En novembre 2023, Amnesty International avait déjà publié un rapport montrant comment les enfants et les jeunes manifestant un intérêt pour la santé mentale pouvaient être facilement attirés dans une “spirale” de contenus dépressifs et suicidaires sur le fil “Pour toi” de TikTok. 

Plus de la moitié des jeunes exposés

Cette fois, Amnesty International France a collaboré avec l’Institut Harris, qui a réalisé fin 2024 un sondage auprès de 1 000 jeunes âgés de 13 à 25 ans. 

Les résultats sont troublants. Plus de la moitié des jeunes interrogés, en particulier les femmes âgées de 16 à 25 ans, déclarent être souvent exposés à des contenus dérangeants sur les réseaux sociaux, notamment des contenus montrant des corps idéalisés ou promouvant des troubles du comportement alimentaire. 

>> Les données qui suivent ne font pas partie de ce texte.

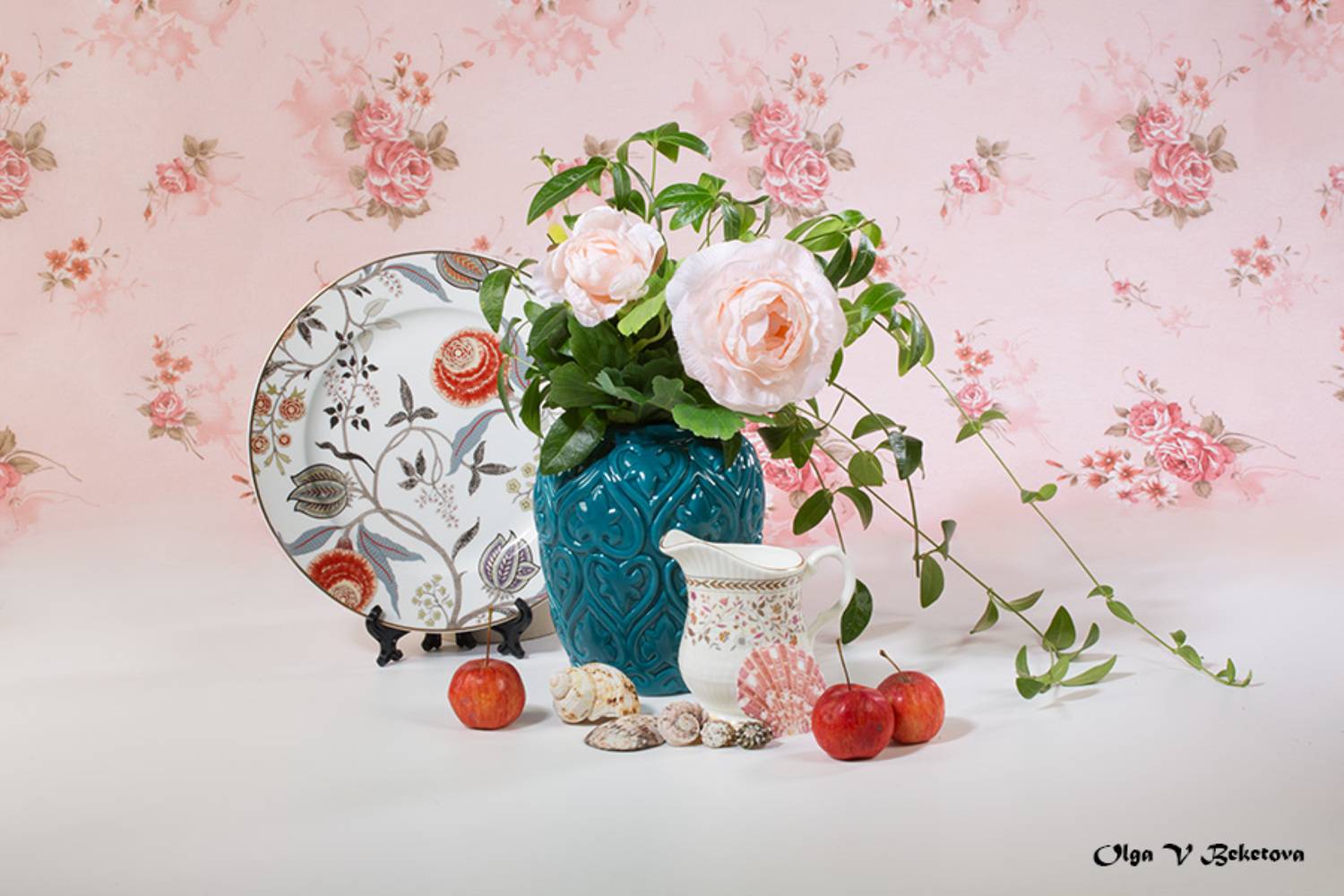 яблочки, ваза, молочник, Бекетова Ольга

Et si une grande majorité des jeunes interrogés (69 %) ont déjà cherché à ne plus être exposés à des contenus toxiques, seulement un sur cinq déclare y être parvenu. 

"Rabbit hole"

L’ONG a également créé des faux comptes d’adolescents de 13 ans sur TikTok en France, pour analyser l’effet de “spirale” ou “rabbit hole”. 

Ce terme caractérise l’expérience d’un utilisateur qui suit, d’abord par curiosité, ce qu’on lui propose, mais se retrouve enfermé dans les recommandations de l’algorithme.

Rapidement, les faux utilisateurs ont tous été exposés à des contenus sur le suicide.

“En 40 minutes seulement, mon fil était envahi de contenu mélancoliques composés de paysages sombres et musiques tristes. Ça m’a très vite entraînée dans une spirale infernale de contenus dépressifs ou suicidaires", explique Justine Payoux, chargée de campagne chez Amnesty International France. "Pendant la troisième heure, je passais d’une vidéo faite par IA avec le cri d’une femme en détresse à la vidéo d’un ado en pleurs affirmant vouloir mettre fin à ses jours, à des vidéos faisant parfois allusion à des méthodes de suicide”,

Un phénomène renforcé par l'utilisation des données personnes qui nourrissent l’algorithme, explique Amnesty.

"Automutilation, suicide"

L'ONG alerte sur des contenus "dangereux pouvant aller jusqu’à encourager l’automutilation ou le suicide”, qui inonde les écrans "des ados vulénrables", mis en avant par TikToK.

L’enquête révèle également des témoignages de membres du collectif Algos Victima, créé en 2024 pour soutenir 'les mineurs et leurs familles victimes de préjudices liés aux réseaux sociaux" dans leurs démarches judiciaires.

Après le suicide de deux adolescentes en novembre 2024, sept familles françaises réunies au sein de ce collectif, avaient assigné TikTok en justice, l'accusant d’être en partie responsable, par son contenu, de la dégradation de la santé mentale et physique de ces jeunes. Aujourd’hui, ces familles sont au nombre de 11, précise Amnesty.

Marie, l'une de ces victimes, s'est suicidée à 15 ans. En recherchant des informations sur la perte de poids et le harcèlement dont elle était victime au lycée, ele avait sombré "dans une spirale infernale" : des vidéos prônant le suicide et des "tutos pour s’automutiler", raconte sa mère à Amnesty.

Réglementation européenne

En France, TikTok est censée se conformer à la réglementation européenne du Digital Services Act (DSA), explique l'ONG.

Cette loi européenne sur les services numériques impose aux plateformes de protéger les mineurs et d’identifier et d’atténuer les risques systémiques. Depuis février 2024, une enquête de la Commission européenne a été ouverte pour déterminer si TikTok  manque à ses obligations. 

Recours auprès de l'Arcom

Au vu des résultats de son enquête, Amnesty International France annonce déposer un recours contre TikTok pour non-respect du DSA auprès de l'Arcom, qui est chargée de garantir le respect des obligations légales et réglementaires dans les secteurs audiovisuel et numérique.

Par ailleurs, Amnesty International indique avoir écrit à TikTok en mars 2025 pour lui demander quelles mesures elle avait mises en place depuis la publication du rapport Poussé·e·s vers les ténèbres fin 2023.

En réponse, TikTok s’est contentée d’énumérer des mesures de "bien-être", affirme l'ONG, et "n’a pas reconnu le problème de l’effet de 'spirale' posé par l’application."